In this case, the transmission band a _{12 of the} filter unit ₁₂
The full width at half maximum Δλ _W12 can be expressed by the following equation (17). Half-width of _{Δλ W12 / λ = λ / (} 2 · L omax12 · n) ... (17) transmission band A of the variable wavelength optical filter of this embodiment, the least common multiple of the wavelength interval b _10, b ₁₂ and b ₁₂ if,
It is equal to Δλ _W10 / λ ₀ expressed by the equation (11) or the equation (15), and the tuning width (the maximum movement width of the peak position of the transmission band A) is expressed by the equation (12) or the equation (16). Δλ
_{Equal to T12} / λ ₀ , and the number of channels is Δλ _T12 / Δ
λ _W10 = β · (2 · Δn · _Lomax10 ) / λ. According to this embodiment, the number of channels can be increased by β times that of the conventional one. When the maximum value of the electrode length of the filter unit 12 is made equal to L _{omax10 of the} filter unit 10, β = L
It becomes _omax10 / L _omax12 .

The present invention is not limited to the above-mentioned embodiments, and therefore, the shape, size, arrangement position, numerical conditions and the like of each component can be arbitrarily changed.

[0048]

As is apparent from the above description, according to the tunable wavelength optical filter of the present invention, it is possible to form a filter portion having a wide light transmission band width, particularly a half value width, and a narrow filter portion. Even if the peak position of the light transmission band a is slightly deviated from the wavelength of the light to be separated, the decrease in the output intensity of the light output from the wavelength tunable optical filter of the present invention can be suppressed. Therefore, the adjustment accuracy of the peak position of the transmission band a can be moderated to facilitate the tuning of the filter.
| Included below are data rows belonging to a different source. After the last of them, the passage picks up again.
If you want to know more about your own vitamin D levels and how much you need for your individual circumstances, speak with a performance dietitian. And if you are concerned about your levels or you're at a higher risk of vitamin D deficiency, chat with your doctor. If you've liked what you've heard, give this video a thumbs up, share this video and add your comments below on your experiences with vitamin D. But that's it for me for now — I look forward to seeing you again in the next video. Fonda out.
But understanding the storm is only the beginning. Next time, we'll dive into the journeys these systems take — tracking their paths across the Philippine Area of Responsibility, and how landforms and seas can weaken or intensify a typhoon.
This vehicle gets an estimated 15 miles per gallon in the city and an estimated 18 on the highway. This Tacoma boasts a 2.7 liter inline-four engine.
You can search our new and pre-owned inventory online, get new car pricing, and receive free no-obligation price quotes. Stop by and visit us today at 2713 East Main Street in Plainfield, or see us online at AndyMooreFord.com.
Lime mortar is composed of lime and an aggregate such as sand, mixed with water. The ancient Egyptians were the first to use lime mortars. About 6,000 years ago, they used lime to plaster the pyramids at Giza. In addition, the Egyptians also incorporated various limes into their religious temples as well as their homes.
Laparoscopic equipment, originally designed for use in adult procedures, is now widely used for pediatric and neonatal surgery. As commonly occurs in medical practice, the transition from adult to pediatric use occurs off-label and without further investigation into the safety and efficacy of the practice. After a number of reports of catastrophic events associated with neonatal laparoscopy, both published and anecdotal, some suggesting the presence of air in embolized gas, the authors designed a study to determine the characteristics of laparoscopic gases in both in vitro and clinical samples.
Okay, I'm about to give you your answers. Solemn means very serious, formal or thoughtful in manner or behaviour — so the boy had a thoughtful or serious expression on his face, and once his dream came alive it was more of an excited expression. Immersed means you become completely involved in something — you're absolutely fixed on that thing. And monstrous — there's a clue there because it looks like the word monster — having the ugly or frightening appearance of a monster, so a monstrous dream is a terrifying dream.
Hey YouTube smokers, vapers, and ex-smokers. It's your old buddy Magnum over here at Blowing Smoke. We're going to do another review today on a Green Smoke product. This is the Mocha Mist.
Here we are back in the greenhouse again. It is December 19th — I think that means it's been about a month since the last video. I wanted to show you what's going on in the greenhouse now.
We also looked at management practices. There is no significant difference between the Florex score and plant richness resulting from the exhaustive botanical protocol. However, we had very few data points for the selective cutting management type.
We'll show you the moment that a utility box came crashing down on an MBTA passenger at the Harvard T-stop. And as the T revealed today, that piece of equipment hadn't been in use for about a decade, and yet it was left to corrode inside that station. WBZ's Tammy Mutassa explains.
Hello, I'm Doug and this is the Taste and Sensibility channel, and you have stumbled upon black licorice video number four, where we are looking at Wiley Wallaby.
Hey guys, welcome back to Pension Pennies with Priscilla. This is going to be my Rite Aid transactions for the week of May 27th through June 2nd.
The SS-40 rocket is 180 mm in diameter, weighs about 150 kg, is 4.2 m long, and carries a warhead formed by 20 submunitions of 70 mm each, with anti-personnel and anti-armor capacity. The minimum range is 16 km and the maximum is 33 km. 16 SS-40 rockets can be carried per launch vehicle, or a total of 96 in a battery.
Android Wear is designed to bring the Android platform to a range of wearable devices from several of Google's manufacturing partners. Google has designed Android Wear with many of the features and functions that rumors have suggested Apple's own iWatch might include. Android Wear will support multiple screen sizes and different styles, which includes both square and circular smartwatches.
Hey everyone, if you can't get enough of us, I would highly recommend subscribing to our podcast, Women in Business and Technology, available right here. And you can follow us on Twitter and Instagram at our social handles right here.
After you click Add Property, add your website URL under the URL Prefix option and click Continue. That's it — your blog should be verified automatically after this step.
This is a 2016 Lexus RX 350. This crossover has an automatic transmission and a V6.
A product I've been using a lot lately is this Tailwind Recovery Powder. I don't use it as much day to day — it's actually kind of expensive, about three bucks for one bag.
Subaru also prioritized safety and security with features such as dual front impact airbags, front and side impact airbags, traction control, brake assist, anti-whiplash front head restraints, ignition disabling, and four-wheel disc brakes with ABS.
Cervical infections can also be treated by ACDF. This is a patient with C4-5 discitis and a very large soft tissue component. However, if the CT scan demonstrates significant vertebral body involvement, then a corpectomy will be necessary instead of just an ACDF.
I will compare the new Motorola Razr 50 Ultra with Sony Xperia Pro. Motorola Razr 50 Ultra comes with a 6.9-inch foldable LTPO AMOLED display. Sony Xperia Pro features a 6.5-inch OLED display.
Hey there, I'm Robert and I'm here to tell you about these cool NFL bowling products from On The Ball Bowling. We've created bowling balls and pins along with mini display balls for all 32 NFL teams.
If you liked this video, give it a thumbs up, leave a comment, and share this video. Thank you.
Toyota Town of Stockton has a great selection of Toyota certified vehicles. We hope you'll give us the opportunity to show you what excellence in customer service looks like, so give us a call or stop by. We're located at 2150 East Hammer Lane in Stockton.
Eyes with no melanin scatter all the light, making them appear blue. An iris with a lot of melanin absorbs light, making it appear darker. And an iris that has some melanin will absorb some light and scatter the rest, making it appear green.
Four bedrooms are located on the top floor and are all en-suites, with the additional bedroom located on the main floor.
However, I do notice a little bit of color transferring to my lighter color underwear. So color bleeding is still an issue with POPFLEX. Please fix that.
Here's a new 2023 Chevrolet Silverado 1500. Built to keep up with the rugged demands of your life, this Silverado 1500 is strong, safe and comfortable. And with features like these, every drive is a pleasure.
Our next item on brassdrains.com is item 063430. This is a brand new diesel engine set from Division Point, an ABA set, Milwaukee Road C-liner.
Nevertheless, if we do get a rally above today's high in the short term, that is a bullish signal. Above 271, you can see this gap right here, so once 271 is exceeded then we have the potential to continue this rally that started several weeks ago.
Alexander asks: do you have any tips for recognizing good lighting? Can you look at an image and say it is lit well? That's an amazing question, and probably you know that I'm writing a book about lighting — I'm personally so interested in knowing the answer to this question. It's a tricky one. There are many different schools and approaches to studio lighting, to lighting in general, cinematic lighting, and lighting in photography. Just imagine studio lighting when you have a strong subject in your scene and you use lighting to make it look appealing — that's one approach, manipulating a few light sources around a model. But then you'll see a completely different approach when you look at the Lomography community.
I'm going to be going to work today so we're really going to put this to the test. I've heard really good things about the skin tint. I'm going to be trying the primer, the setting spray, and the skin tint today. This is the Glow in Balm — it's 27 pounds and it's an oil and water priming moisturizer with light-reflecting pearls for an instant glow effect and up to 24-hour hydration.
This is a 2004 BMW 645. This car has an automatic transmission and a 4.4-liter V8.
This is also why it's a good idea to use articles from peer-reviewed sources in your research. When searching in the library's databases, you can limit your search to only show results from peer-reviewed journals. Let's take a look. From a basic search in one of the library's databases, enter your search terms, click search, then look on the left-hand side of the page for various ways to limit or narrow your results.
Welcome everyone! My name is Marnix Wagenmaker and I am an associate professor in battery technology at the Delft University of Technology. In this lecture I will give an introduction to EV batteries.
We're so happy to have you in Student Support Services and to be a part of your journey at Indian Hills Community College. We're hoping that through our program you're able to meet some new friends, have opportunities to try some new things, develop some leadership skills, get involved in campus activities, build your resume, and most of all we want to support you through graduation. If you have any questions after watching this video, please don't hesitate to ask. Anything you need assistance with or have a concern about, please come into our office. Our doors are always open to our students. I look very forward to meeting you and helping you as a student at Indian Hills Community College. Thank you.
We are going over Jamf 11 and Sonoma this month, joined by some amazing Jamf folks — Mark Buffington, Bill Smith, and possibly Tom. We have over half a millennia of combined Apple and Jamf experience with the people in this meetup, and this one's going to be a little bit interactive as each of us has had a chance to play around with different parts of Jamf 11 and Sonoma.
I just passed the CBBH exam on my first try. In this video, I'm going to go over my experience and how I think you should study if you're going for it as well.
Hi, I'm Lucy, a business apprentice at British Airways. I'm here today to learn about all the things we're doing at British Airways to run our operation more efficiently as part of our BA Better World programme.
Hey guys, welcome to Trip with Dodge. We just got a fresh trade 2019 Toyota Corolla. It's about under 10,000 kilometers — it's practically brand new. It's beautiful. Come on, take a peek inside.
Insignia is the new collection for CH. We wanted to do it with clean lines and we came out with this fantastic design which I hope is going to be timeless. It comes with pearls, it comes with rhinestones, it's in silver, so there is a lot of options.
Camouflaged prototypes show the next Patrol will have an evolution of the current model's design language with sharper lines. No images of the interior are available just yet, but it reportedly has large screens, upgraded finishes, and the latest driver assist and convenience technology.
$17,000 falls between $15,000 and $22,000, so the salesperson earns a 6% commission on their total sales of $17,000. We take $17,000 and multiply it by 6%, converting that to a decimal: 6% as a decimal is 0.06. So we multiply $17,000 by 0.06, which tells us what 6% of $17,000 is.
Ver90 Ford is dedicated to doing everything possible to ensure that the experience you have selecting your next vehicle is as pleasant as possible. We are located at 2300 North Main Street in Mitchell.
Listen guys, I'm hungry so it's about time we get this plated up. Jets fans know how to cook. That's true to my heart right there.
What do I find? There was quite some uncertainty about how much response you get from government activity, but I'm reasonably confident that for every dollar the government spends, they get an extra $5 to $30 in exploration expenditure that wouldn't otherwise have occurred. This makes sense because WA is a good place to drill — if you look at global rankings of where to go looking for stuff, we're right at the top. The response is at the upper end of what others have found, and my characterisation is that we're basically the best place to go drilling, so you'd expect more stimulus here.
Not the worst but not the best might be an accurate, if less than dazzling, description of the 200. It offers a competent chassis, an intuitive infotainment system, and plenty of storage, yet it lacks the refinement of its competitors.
Further, the transmission band A of the variable wavelength optical filter of the present invention is a range in which the transmission bands a of the respective filter parts coincide with each other, so that the transmission band A can be narrowed. Moreover, since the wavelength interval B between the peak positions of the transmission band A of the variable wavelength optical filter of the present invention is the least common multiple of the wavelength interval b between the peak positions of the transmission band a of each filter section, the wavelength interval B can be widened. .

Therefore, according to the present invention, it is possible to provide a variable wavelength optical filter having a narrow transmission band per channel, a wide tuning width, and easy tuning.

[Brief description of drawings]

FIG. 1 is a plan view schematically showing the configuration of an embodiment of the present invention.

2A to 2C are diagrams for explaining the principle operation of the embodiment.

[Explanation of symbols]

 10, 12: Filter unit 14, 34: Mach-Zehnder type interferometer 16, 32: 1 × 2Y branch 18, 38: 2 × 1Y branch 20, 22, 40, 44: Connection waveguide 24, 26, 42, 46 : Arm 28, 40: Electrode 30, 50: Optical path length difference generator

Claims (1)

[Claims] 1. A plurality of filter sections connected in multiple stages, each filter section being formed by connecting a plurality of Mach-Zehnder interferors in multiple stages, each interferometer comprising a 1 × 2Y branch output and a 2 × 1Y branch. Two arms formed by coupling branch inputs through a connection waveguide, an electrode provided on one of the two arms to variably control the refractive index of the arm, and provided on the other of the two arms An optical path length difference generating section that gives a structural optical path length difference between these two arms is formed, and the electrode lengths L _e of the interferometers belonging to the same filter section form a geometric progression of a common ratio of 2. And the structural optical path length difference L of each interferometer belonging to the same filter unit.
The _o, electrode length ascending order of L _e varied so as to form a geometric progression of Oyakehi 2, each interferometer that belong to the same filter unit (electrode length L _e) /
A variable wavelength optical filter characterized in that a ratio represented by (structural optical path length difference L _o ) is made equal and the ratio is made different for each filter section.